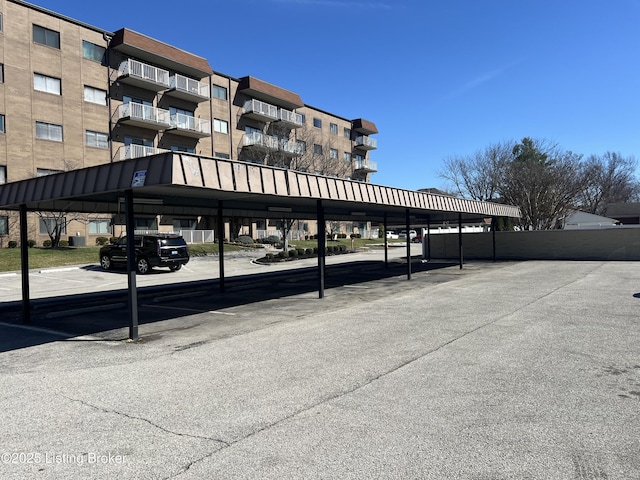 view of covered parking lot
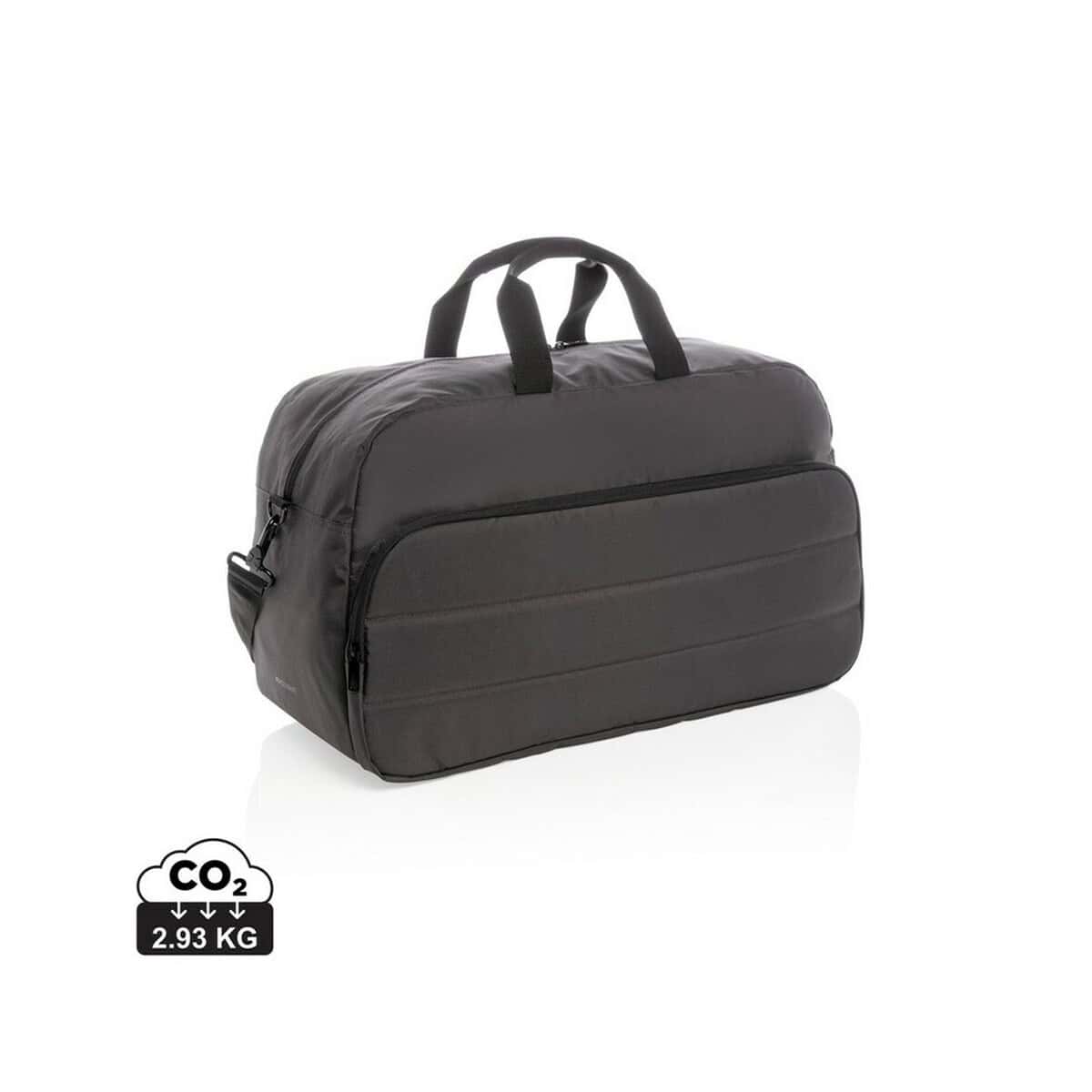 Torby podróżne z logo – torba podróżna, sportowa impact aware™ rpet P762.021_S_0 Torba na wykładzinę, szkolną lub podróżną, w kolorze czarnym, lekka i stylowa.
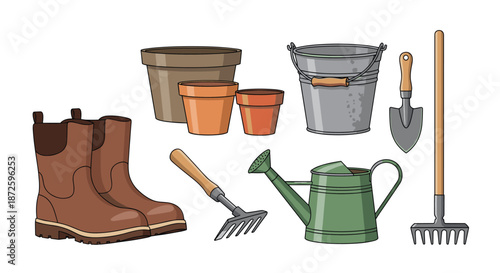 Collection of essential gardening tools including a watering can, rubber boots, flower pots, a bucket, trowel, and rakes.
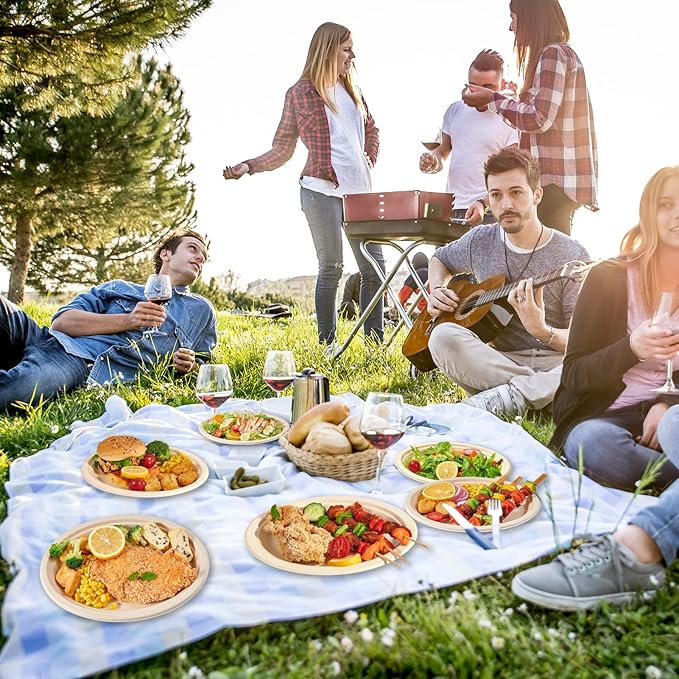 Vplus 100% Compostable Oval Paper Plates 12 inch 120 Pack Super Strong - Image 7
· · · · ·
§ Task prompt:
Leave the pictures aside and print exactly, and only, the lines from the one with "Torby podróżne z" through the end of the data, both included.

§ Result below:
 Torby podróżne z logo – torba podróżna, sportowa impact aware™ rpet P762.021_S_0 Torba na wykładzinę, szkolną lub podróżną, w kolorze czarnym, lekka i stylowa.
 Collection of essential gardening tools including a watering can, rubber boots, flower pots, a bucket, trowel, and rakes.
 Vplus 100% Compostable Oval Paper Plates 12 inch 120 Pack Super Strong - Image 7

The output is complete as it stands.